The rest of the machine behaves nicely.
Greetings
Christoph
On Thu, Nov 02, 2000 at 08:19:06AM +0100, Mike Galbraith wrote:
> On Wed, 1 Nov 2000, Rik van Riel wrote:
>
> > I have one possible reason for this ....
> >
> > 1) the procfs process does (in fs/proc/array.c::proc_pid_stat)
> > down(&mm->mmap_sem);
> >
> > 2) but, in order to do that, it has to wait until the process
> > it is trying to stat has /finished/ its page fault, and is
> > not into its next one ...
> >
> > 3) combine this with the elevator starvation stuff (ask Jens
> > Axboe for blk-7 to alleviate this issue) and you have a
> > scenario where processes using /proc/<pid>/stat have the
> > possibility to block on multiple processes that are in the
> > process of handling a page fault (but are being starved)
>
> I'm experimenting with blk.[67] in test10 right now. The stalls
> are not helped at all. It doesn't seem to become request bound
> (haven't instrumented that yet to be sure) but the stalls persist.
>
> -Mike
This is not an elevator starvation problem.

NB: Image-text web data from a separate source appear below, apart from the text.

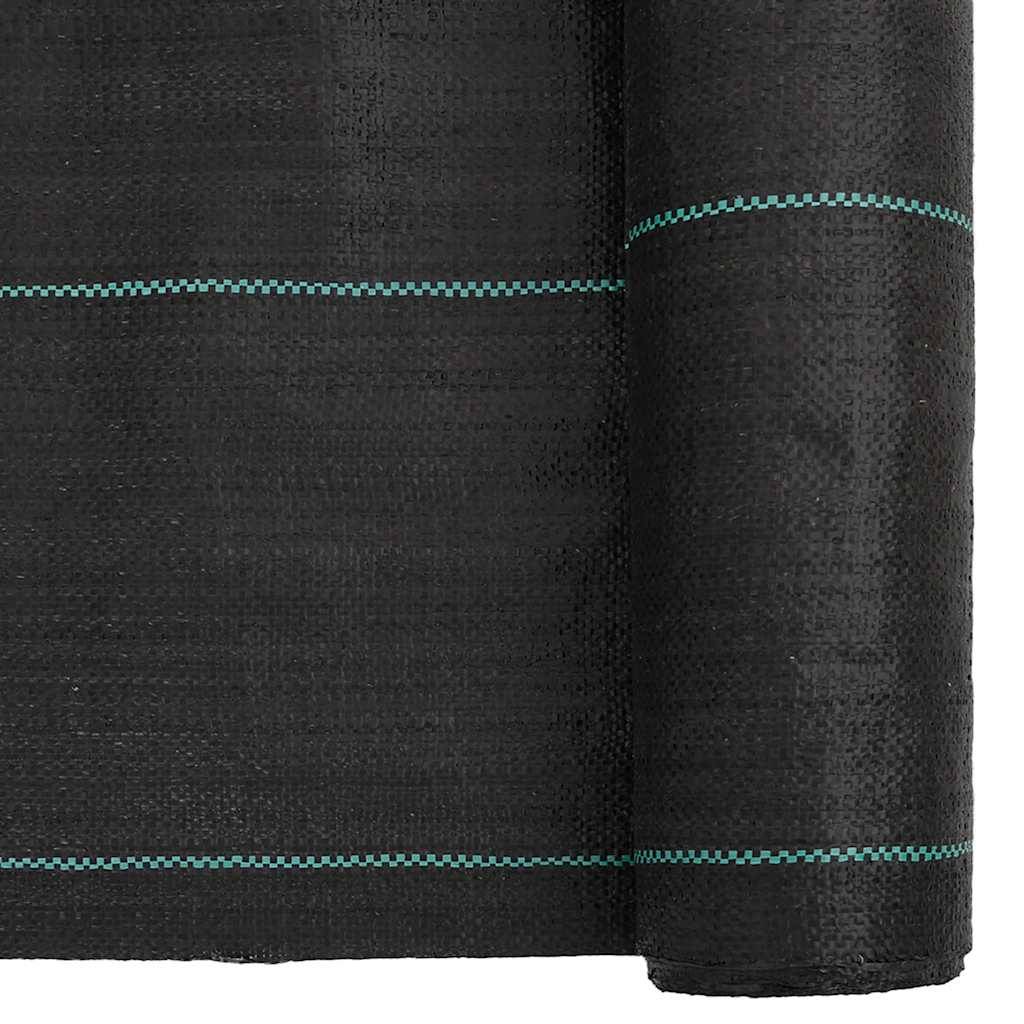 Bâche Anti-Mauvaises Herbes PP 100g/m² pour Aménagement Paysager et Potager 1,5x25 m Noir - ComfortXL Outdoor Living - Image 6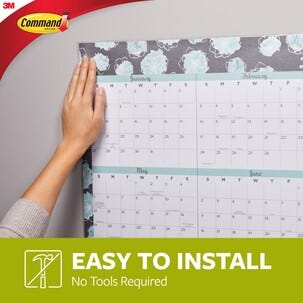 Command Value Pack selvheftende plakatstrips, 48-pakning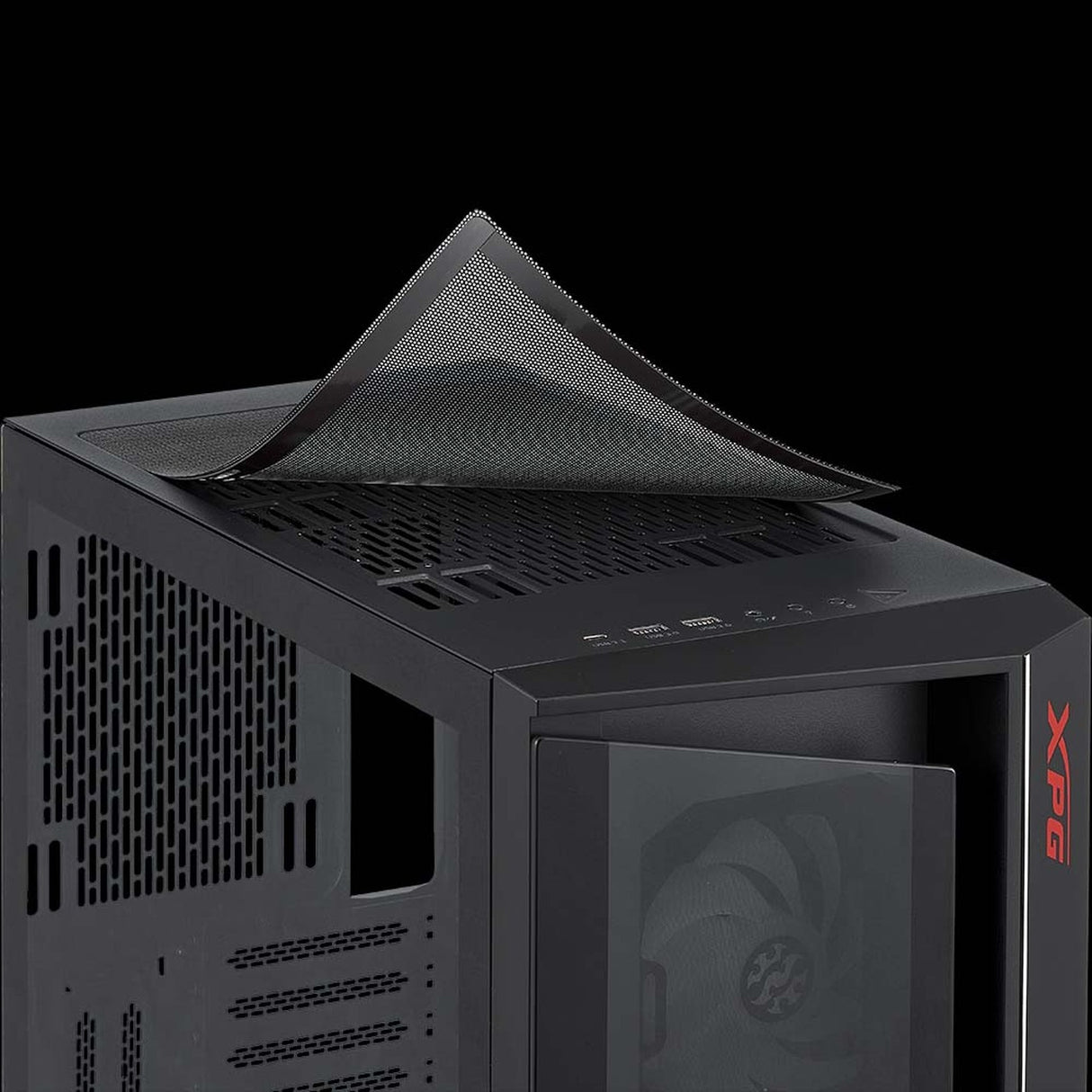 XPG CRUISER Mid-Tower Negro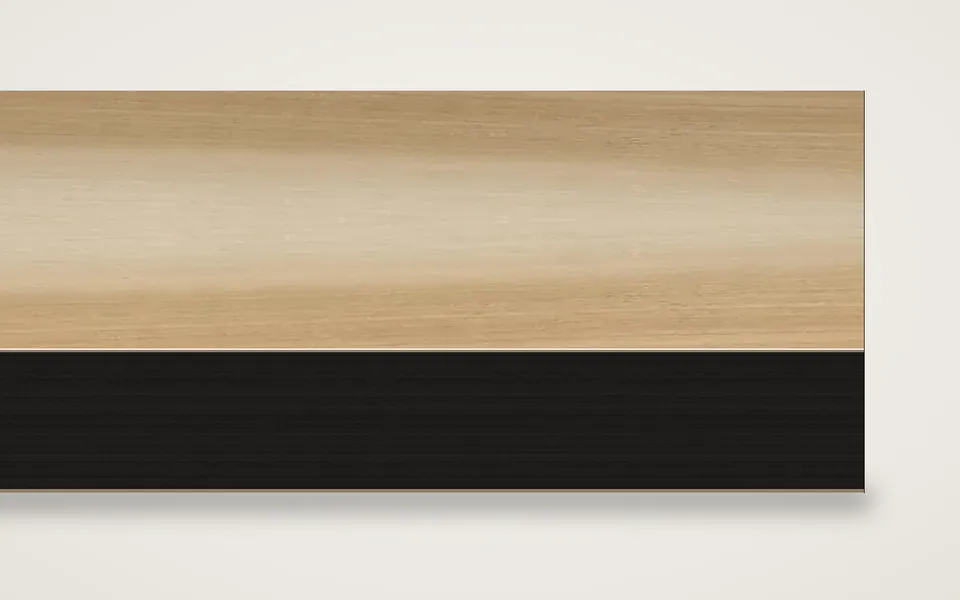 Tulpe furnierte MDF-Platte schwarz durchgefärbt 20 mm – 500 × 1000 mm, Zuschnitt nach Maß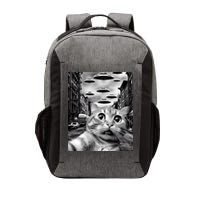 Alien UFO Funny Cat Selfie Vector Backpack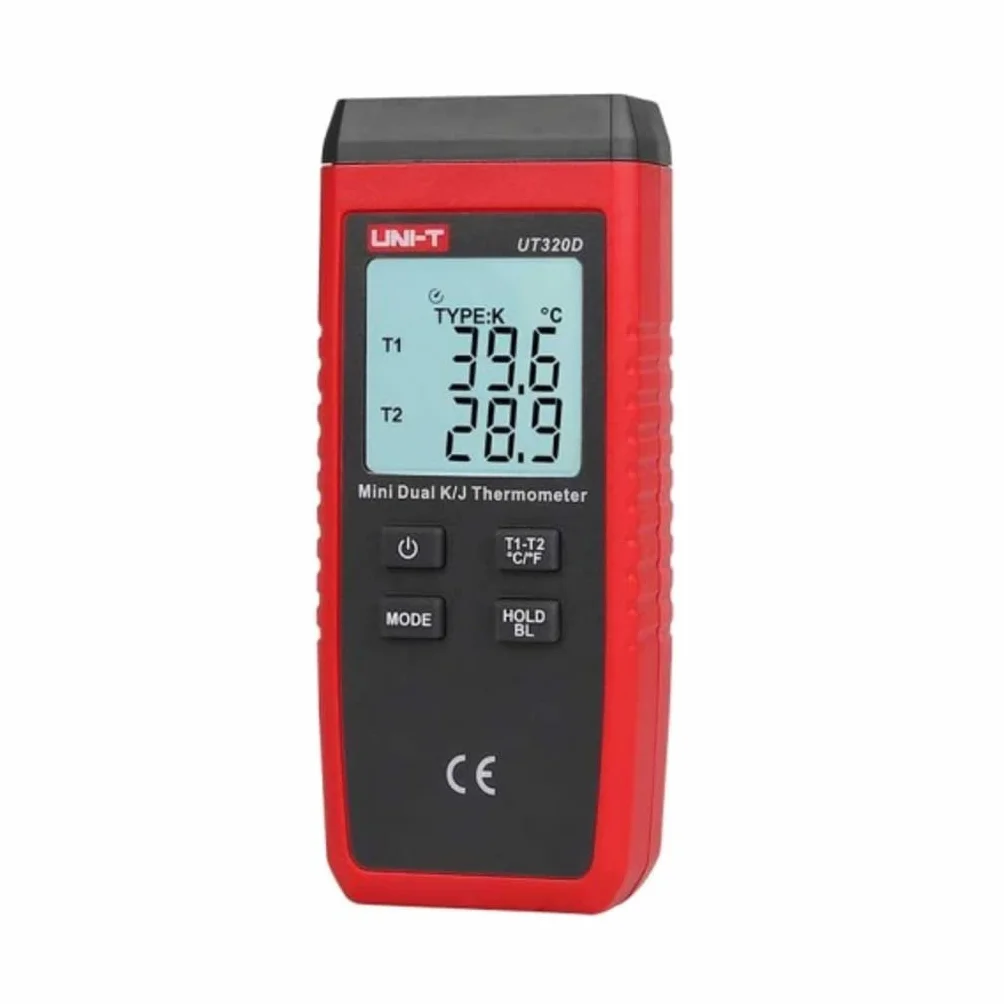 UNI-T UT320 Termómetro de Contacto Doble Canal -50°C-1300°C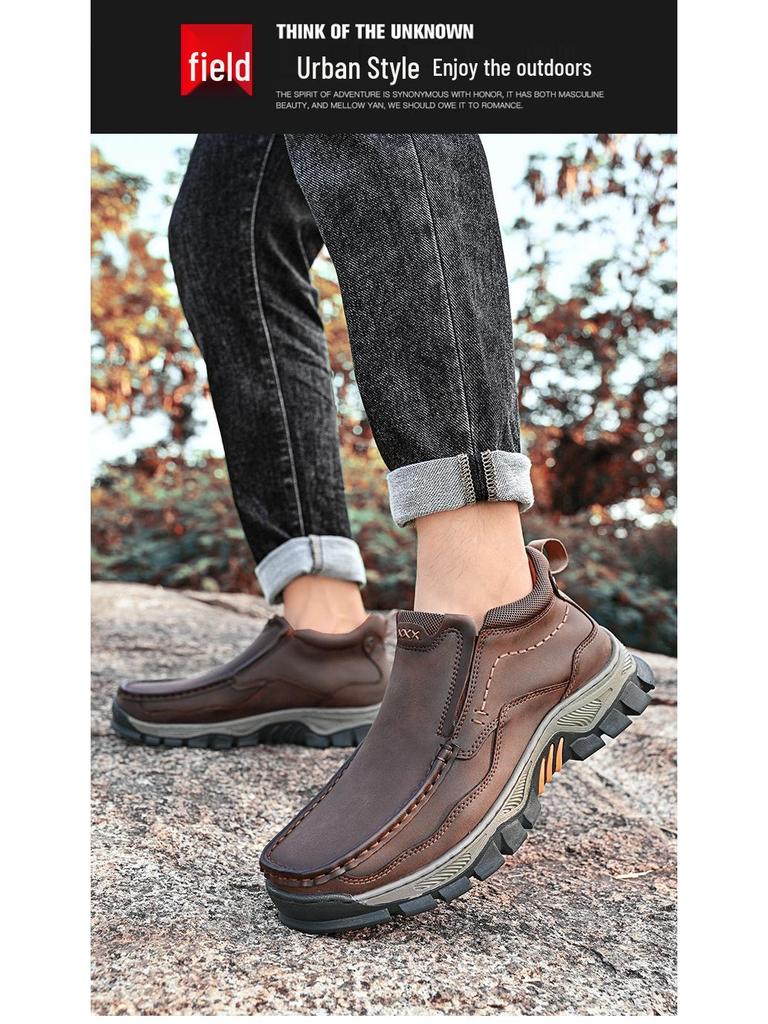 High-Top Men's Wear-Resistant Non-Slip Urban Outdoor Casual Boots for Autumn/Winter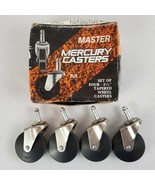 Master Mercury Casters D472-1/2 LH Set of Four 2-1/2&quot; Tapered Wheel Cast... - $21.99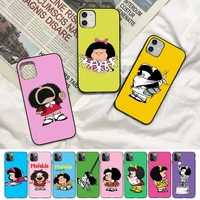mafalda phone case for iphone 11 12 13 mini pro xs max 8 7 6 6s plus x 5s se 2020 xr cover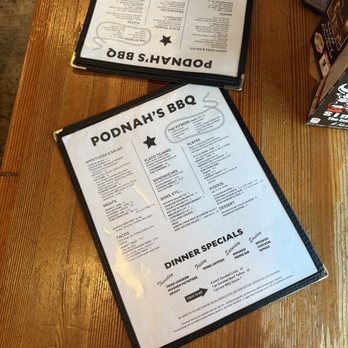 Podnah's Pit Barbecue - Menu - Barbeque Near Me - Portland, Oregon Podnah's Pit Barbecue - Menu - Barbeque Near Me - Portland, Oregon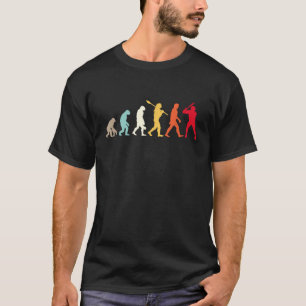 Retro Vintage Baseball Evolution Lustiger Baseball T-Shirt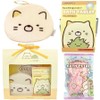 Sumikko Gurashi Neko Bath Gift 3-piece Set Body Sponge Bath Salt, 1 Piece, 1g / 스미코구라시 Sumikko Gurashi 네코 바스 기프트 3종 세트 바디스펀지 입욕제, 1개, 1g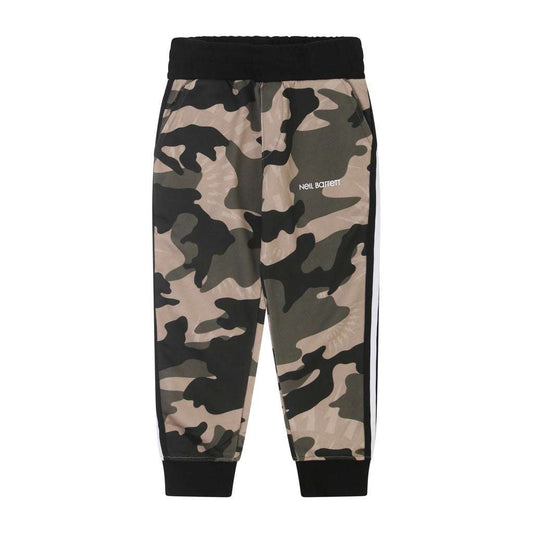 Neil Barrett Kids - Панталони - Camouflage Joggers - Love|Labels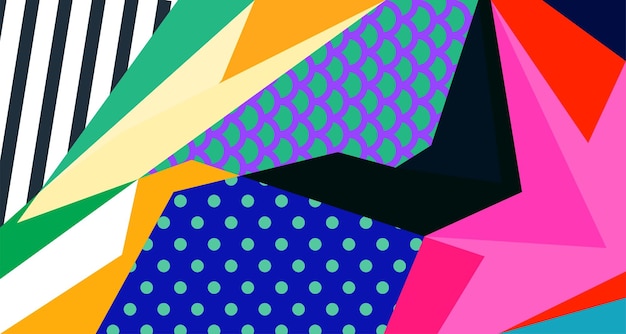 Abstract liquid shape Dynamic and geometric design Isolated gradient waves with geometric lines dots batik Indonesia pattern Vector illustration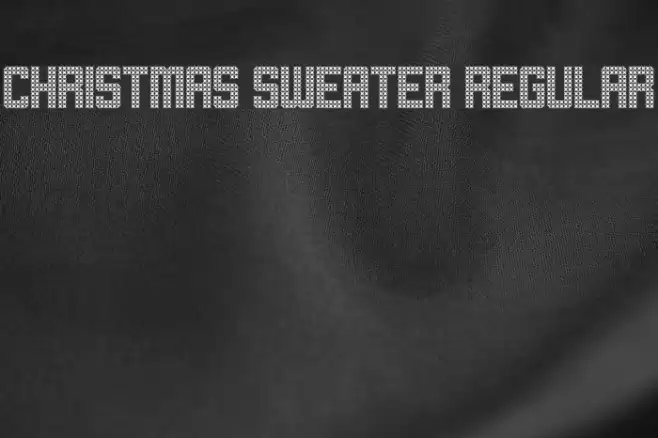Christmas Sweater Regular Font examples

I also experienced these stalls with my IDE-only system. Unless I'm
badly mistaken, the elevator is only used on SCSI disks, therefore
elevator starvation cannot be blamed for this problem. These stalls
are particularly annoying since I want to find the pid of the process
hogging memory in order to kill it, but the read from /proc stalls for
45 seconds or more.
-VAL
On Thu, Nov 02 2000, Val Henson wrote:
> > > 3) combine this with the elevator starvation stuff (ask Jens
> > > Axboe for blk-7 to alleviate this issue) and you have a
> > > scenario where processes using /proc/<pid>/stat have the
> > > possibility to block on multiple processes that are in the
> > > process of handling a page fault (but are being starved)
> >
> > I'm experimenting with blk.[67] in test10 right now. The stalls
> > are not helped at all. It doesn't seem to become request bound
> > (haven't instrumented that yet to be sure) but the stalls persist.
> >
> > -Mike
>
> This is not an elevator starvation problem.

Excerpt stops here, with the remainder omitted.